Check security policy on login 
If there is a policy set for the user or for the group of users, the application will verify it directly before the login. This makes sure the security policies apply on every launch of the application.
Force server connection 
The mobile device must connect to the server every (x) hours otherwise the login is refused. This way you can force the mobile users to use application and synchronize offline date on regular basis.
Force wipe 
If the app does not connect to the server in (x) hours, all the local data will be wiped out. You can set the interval you consider most fitting to your data security policy. This means that even if the device is left somewhere unattended, the unauthorized user will not be able to access the data after a configured period because it will be already gone. Simple, smart & safe.
Business hours 
You can allow users to access the application only within the configured business hours. For example, if you set the working hours to be 10am-5pm the user will not be able to work with the application at any other time, prior or after these hours. You can set this rule for one user or for a group of users, and you can do it all remotely, even without notifying the users.
Password validation 
Locks the app or wipes out the data after a number of incorrect password entry attempts. This is a great feature to prevent dictionary based or brute force attacks. If somebody will try to login to your mobile CRM application and you have this option enabled, they will lock the application directly after the configured number of incorrect logins.

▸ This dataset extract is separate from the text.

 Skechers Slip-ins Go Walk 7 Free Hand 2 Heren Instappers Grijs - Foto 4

All the enterprise security features can be combined to create an ideal security policy to keep your data safe from misuse.

Remote Application Management tools

To simplify the initial user access to the Resco app, use push applications via Remote Device Management. Follow the below mentioned parameters in your MDM to have control over your enterprise mobility.

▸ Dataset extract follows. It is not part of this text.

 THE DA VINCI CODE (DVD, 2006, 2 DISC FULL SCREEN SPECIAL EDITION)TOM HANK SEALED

Note This is the Apple-defined protocol, therefore, it applies only to iOS users for all MDM providers. Since iOS version 9.3, the mobile application supports MDM key-value pair provisioning on iOS devices.

You are able to specify the following parameters in your MDM:

UserMode (0:Standard, 1:External, 2: Anonymous, 3:CurrentWinUser, 4: OAuth2)
OrganizationUrl
UserName
Password
Domain
HomeRealm
ADFSUsername
SavePassword (true/false)
ExchangeUrl
ExchangeEmail
ExchangeUserName
ExchangePassword
SharePointServerType (0: SameAsCrm, 1: AD, 2: Online, 3: ADFS)
SharePointUserName
SharePointPassword

Once the above configuration is specified, the application skips the initial tutorial and shows the synchronization window (with the above values pre-filled) on the first run.